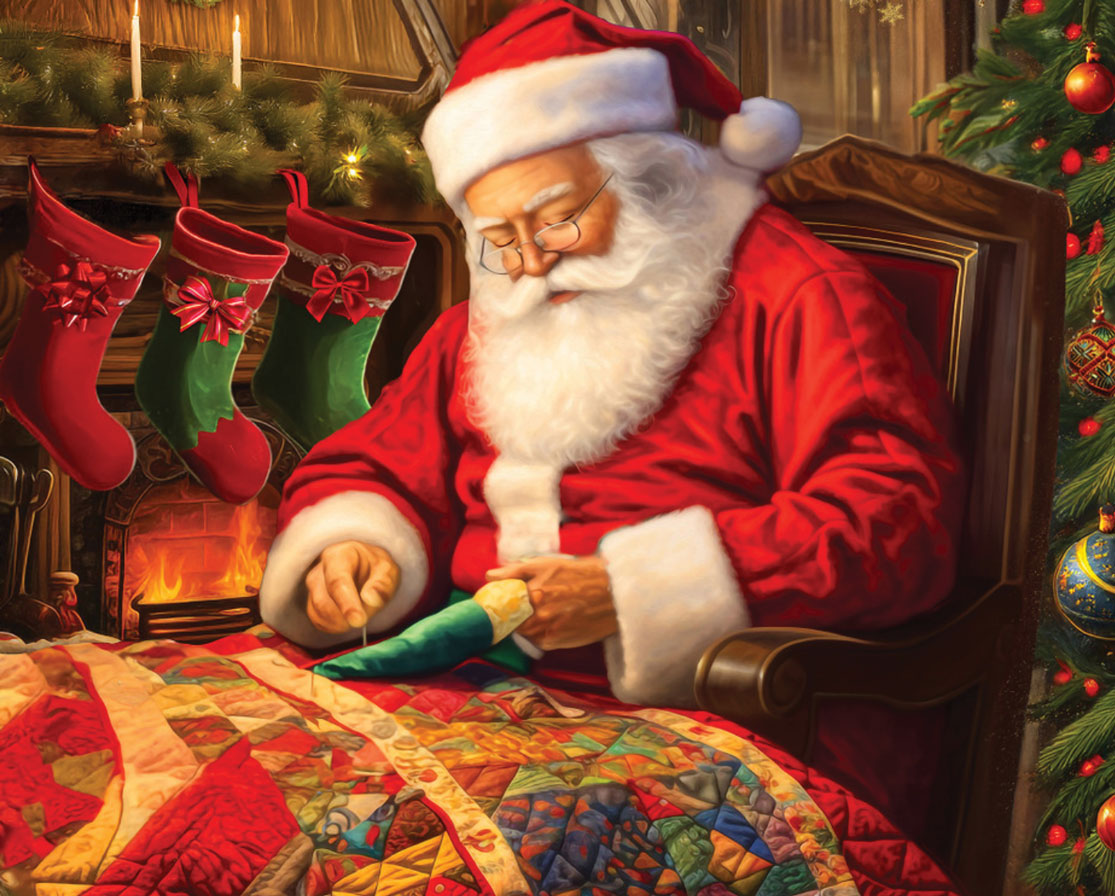 Quilting Santa Jigsaw Puzzle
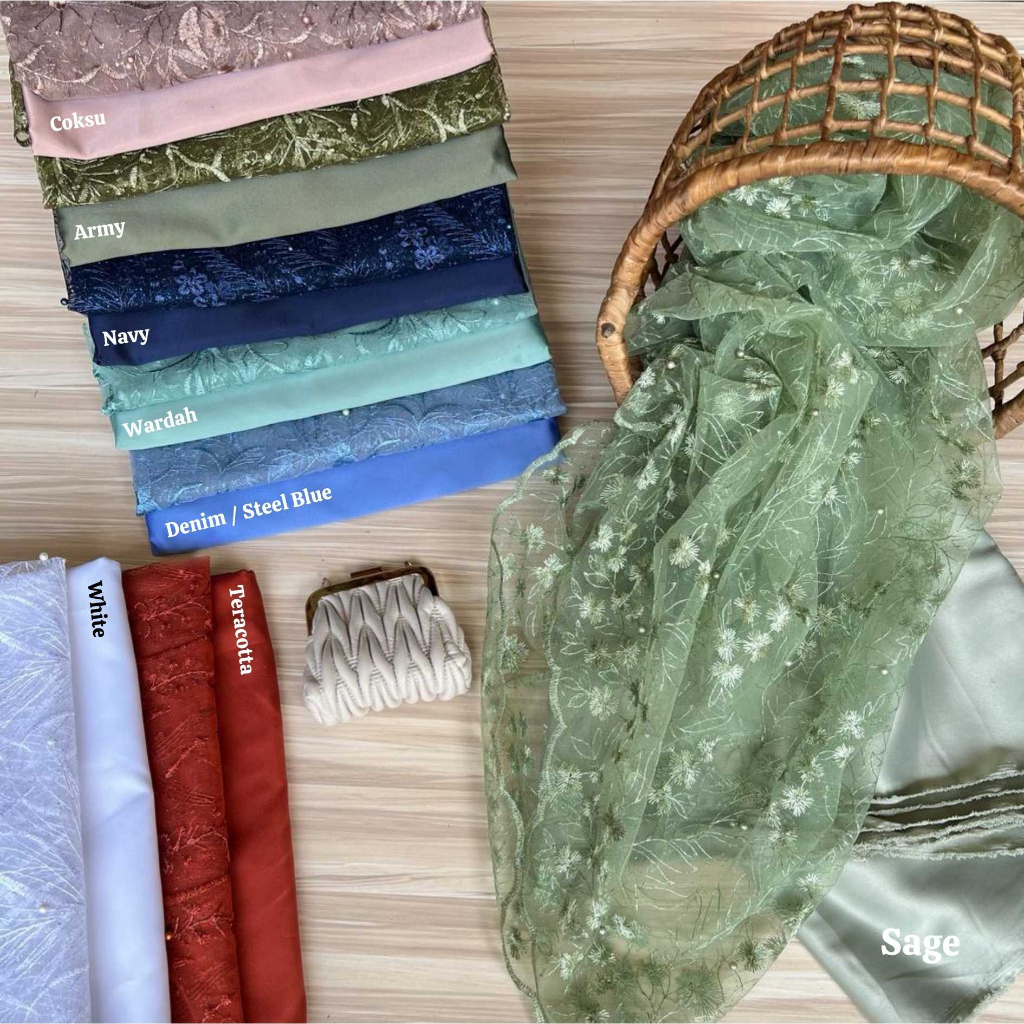 Paket Seragam Bridesmaid Lengkap Wisuda Lamaran Keluarga Tile Akar Motif Brokat Kain Satin Maxmaraa Luxury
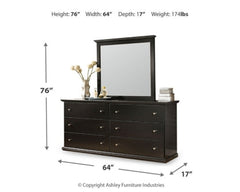 Maribel Queen/Full Panel Headboard Bed with Mirrored Dresser and 2 Nightstands - furniture place usa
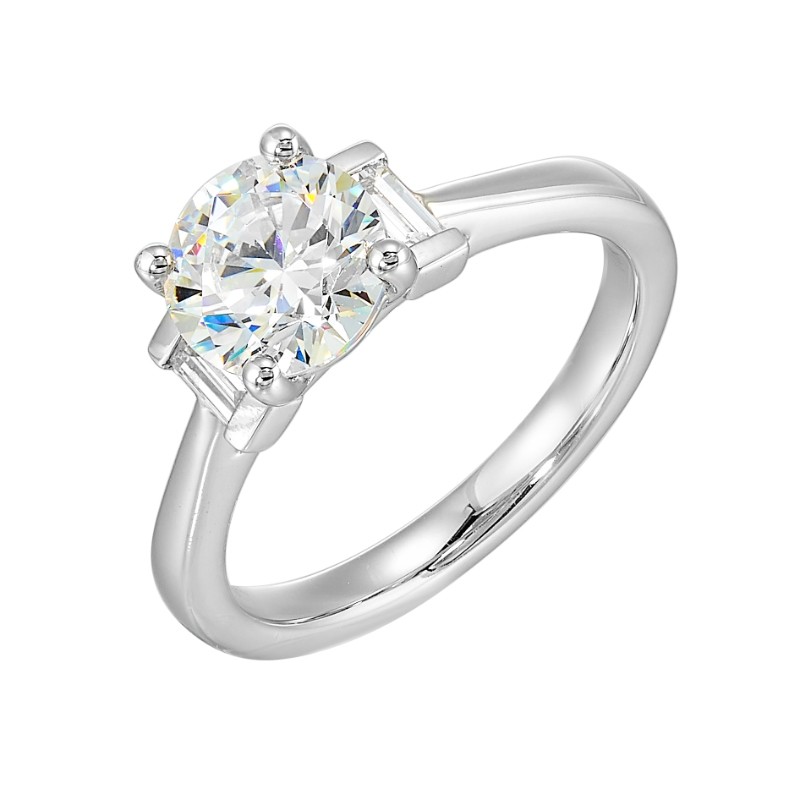 14Kt White Gold Semi Mount 1/3Ctw For 1 1/2Ctw Round Center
______
When you reach the line that contains "Maribel Queen/Full Panel", start copying the listing word for word and stop only after its last line, without any pictures.

 Maribel Queen/Full Panel Headboard Bed with Mirrored Dresser and 2 Nightstands - furniture place usa
 14Kt White Gold Semi Mount 1/3Ctw For 1 1/2Ctw Round Center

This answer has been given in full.